Rampulla: All markets have been significantly impacted since the pandemic and only time will tell what extent these changes will be permanent. The government capital markets sector is no different, but fortunately the changes have been positive. The space has witnessed an influx of capital as secure credit cash flows were not the only priority as investors became increasingly uncertain about the long-term need and use of private corporate real estate. As government tenants continued to use their space, pay their rent and already went through a significant footprint reduction, government tenants were not only a sound credit investment option, but also one of the only tenant bases to demonstrate a need for their space long-term. As a result, more capital has been chasing fewer deals and driving cap rates further down. Coupled with what appears to be a long-term low interest rate environment, we anticipate this trend to continue.

What do you find most valuable about your membership with NFDA?

Saal: The ability to connect with a diverse group of owners, investors, advisors and the GSA is extremely valuable. We’ve enjoyed participating in the annual conference in DC for many years in addition to several chapter meetings throughout the country. NFDA members are a smart, experienced and focused group, who are always busy with something interesting and it’s great to catch up, hear about their pursuits and get their market perspectives.

Rampulla: The connectivity and collaboration with such a broad group of professionals within the government sector is very impressive. Data and information unique to this space are not formally tracked using traditional methods, so it’s very common to be a resource for, or rely on the NFDA network, which has been very powerful.

If you can’t be at a NFDA meeting, where in DC would you rather be? 

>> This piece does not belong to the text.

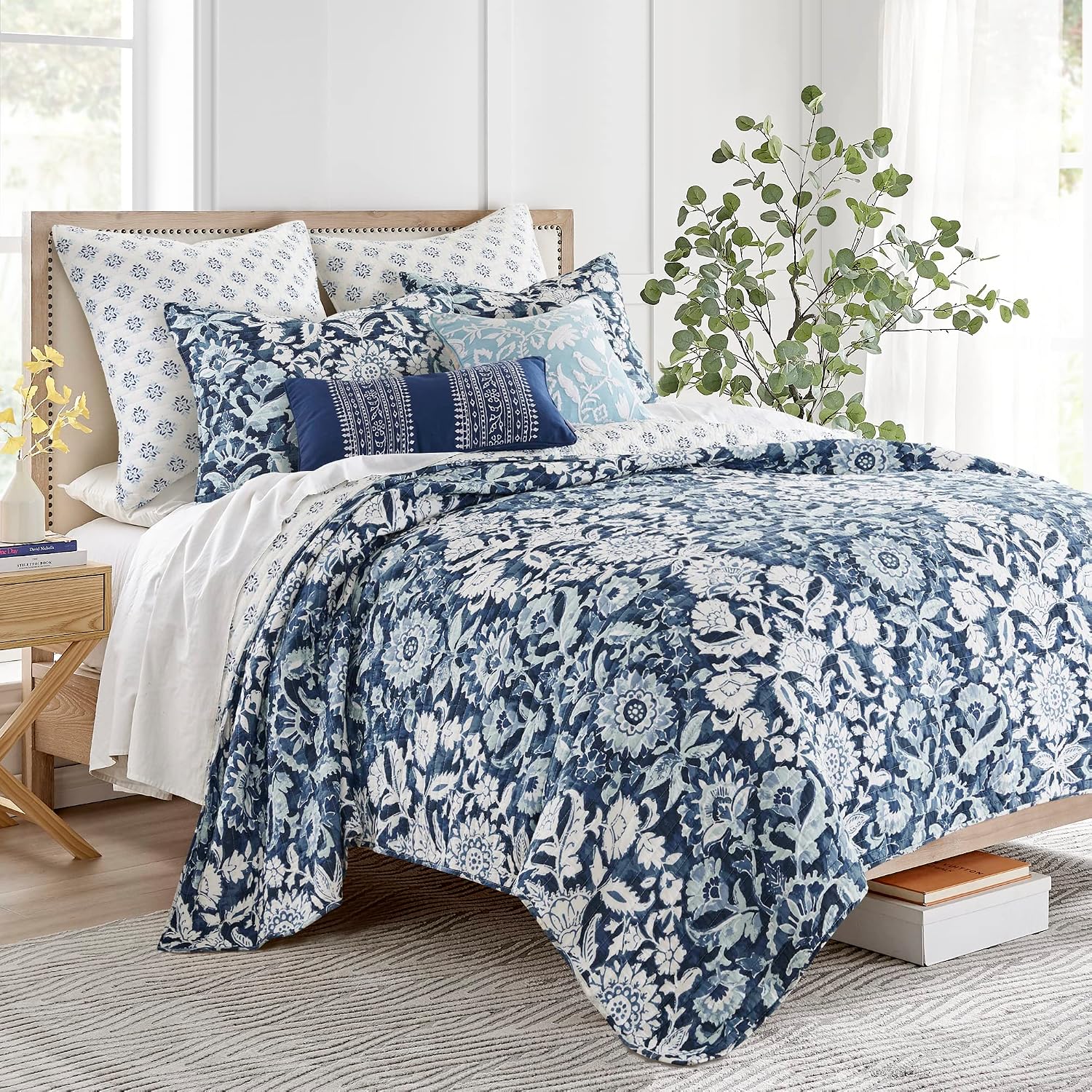 Levtex Home - Laure Indigo Quilt Set - Full/Queen Quilt and Two Standard Shams - Floral - Indigo, Blue and White - Quilt (88x92in.) and Shams (20x26in.) - Reversible - Cotton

Saal: Now that things are getting back to normal, definitely looking forward to more frequent trips to the ballpark to see the Nats and the Wharf for some seafood. Also, happy to host anyone for happy hour and cigars at Shelly’s Back Room in DC, one of our favorite spots.  

Rampulla: Fortunately, many of my hobbies are pandemic-friendly including hiking, fishing, cooking or enjoying a good bourbon with family and friends, but I am looking forward to traveling again for both business and pleasure. Most of the transactions and clients we work with are not in the Mid-Atlantic, so it will be great to connect in-person once again.